Monday, 28 November 2011
28/11/11 Motor Pikin'
Talking of things meteorological, It's far too windy to even consider taking the boat out, and the timing and size of the tide this morning were far from ideal for an Arun pike session. I chose instead to get some use out of my Police ticket(much appreciated Dave), and try the semi -tidal stretch of the Adur.
Michael Kernan has inspired me with fantastic news of a lifetime best forty two inch river pike taken only last week, and in typical M.K fashion..........on an artificial. Winter 'proper', has still not really arrived so, reasoning that it was warm enough for the pike to 'chase something' I'd give lures a go for a change. I also didn't have the time, energy, and motivation to lug pike bait gear and all it's associated paraphernalia to the river bank, so decided instead to strap my battered, and recently repaired 'E.T sneaker ' four-piece spinning rod to my motor bike, and indulge in both my 'passions' in one hit.
Whilst Muck boots are certainly very capable items of equipment for the modern day winter piker being the warmest, and most comfortable 'walking' wellie I've yet to encounter, they are not entirely suitable for negotiating a six speed foot change, however I managed arrive at Nick's farm in double quick time without missing too many cogs. On the coast the weather was still quite mild(Andy's still catching mullet!), but crossing the downs brought a sharp drop in air temperature with four degrees showing on the bike's thermometer.
The river was clear, but still relatively choked with weed and certainly no place for a treble hook, so I chose to go with a trusty collection of Manns six inchers (probably the finest 'shad' known to mankind) and a couple of 1oz spinnerbaits. Both lures have one single hook, are virtually 'weed less', and can be worked at a snail's pace if needs be. In reality they were the only lures I'd brought with me.
I worked the river from the penstock at Nick's, down to the tidal barrier alternating the lures at every stop, and covering most of the water although the stretch above the bridge was , in places, totally blocked by weed and considerably shallower than I remember. The structure of the upper penstock has changed in recent years and this may have affected the geography of the stretch. I've caught some very big early autumn pike from here in the past but in a much clearer river, and suspected that there may have been pike lurking in the vegetation. If they were, they didn't take any notice of my offerings.
Below the bridge the river opened out a bit, and I started to get some interest in the lemon shad from a couple of jacks whose eyes were bigger than their tummy, until eventually a good hit resulted in a positive hook up , and this nice looking pike, only ounces short of a 'double' ensured that the landing net went home with a 'fishy ' smell. Interestingly, there were already leaches present on her body which, according to pike fishing lore, does indicate some possible inactivity, although I'm not entirely convinced by this.
The barrier held back the tide just long enough for my liking and, once breached, the water quickly clouded up bringing with it huge rafts of debris but, by then I'd had enough anyway and called it a day.

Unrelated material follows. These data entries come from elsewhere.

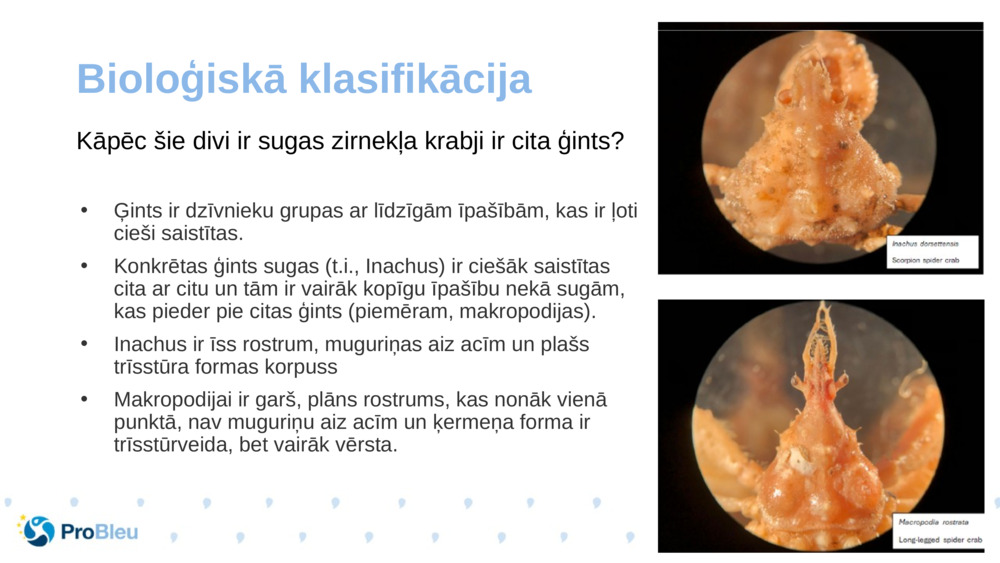 Bioloģiskā klasifikācija 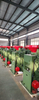 SB Rice Mill Machine, Economic rice mill, white rice mill, rice grader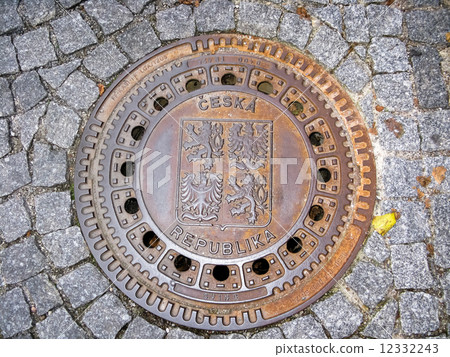 Hatch of sewage on the paving road 12332243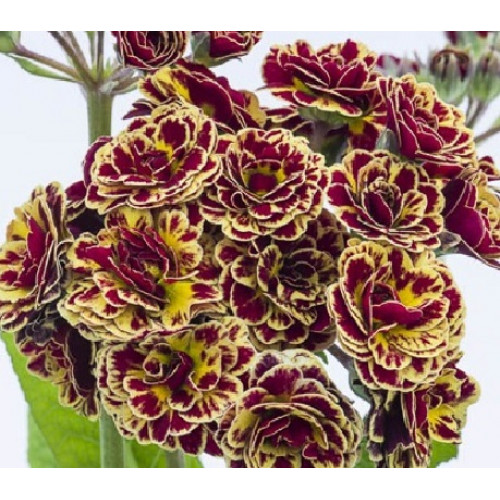 Примула "Persian Weave" (Персиан Вив)
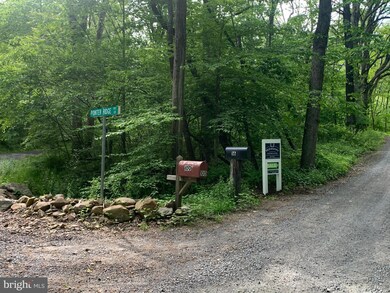 0 Gid Brown Hollow & Pointer Ridge Ln unit VARP107336, Washington, VA 22747 - photo 4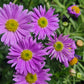 200 Mixed Colors SWAN RIVER DAISY Brachyscome Iberidifolia Flower Seeds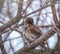 Sparrow bird cleans feathers on a tree branch in winter or late autumn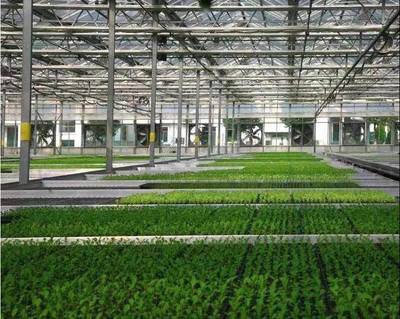 張兵書記調研湘家蕩農業數字化工廠，助力農民豐收節農業科技服務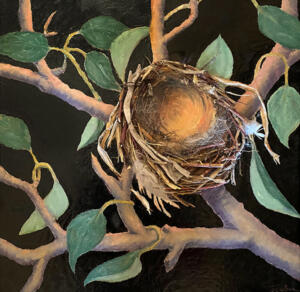 Eastern Kingbird Nest - Ready  SOLD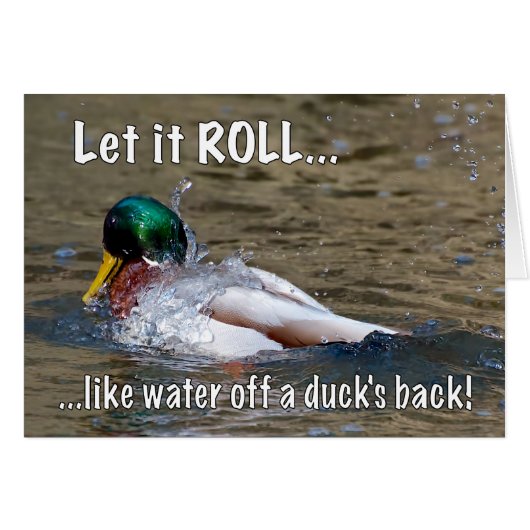 Let it ROLL Cards (Front Horizontal)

It was pleasant to spend a couple of hours fishing with lures but I don't think it could ever completely displace bait fishing methods for me where river pike are concerned. I actually quite enjoy contemplating a couple of ' marker buoys' on a cold winter's day, whilst consuming endless mugs of steaming tea and Dave's legendary sausage butties, and there's no doubting that 'the take' on a pike float is very entertaining fishing indeed. However, lures are certainly far more convenient, especially when fishing time is limited, and there's no doubting their effectiveness on our 'tidals' in favourable conditions, as Michael had indeed proved. As the winter progresses and the conditions become more difficult, the pike in turn become increasingly difficult to 'move' and it's then that I'm more confident with bait on the hooks, presented statically, albeit with a 'roving' approach.
Whatever the case, to enjoy any level of success with river pike, it's useful to have both approaches in the armoury, as each have their day.
The ride home took me past a very attractive tributary which enters the river just upstream of where I was fishing today and , Is available on the same ticket. I'd intended to stop and take a look anyway, and was quite impressed by what I saw.Much larger than expected it's a 'must do' for the future especially as Jan has some rather impressive 'night crawlers' available on her vegetable patch, and the little stream looks 'perchy' in a 'chubby' sort of way.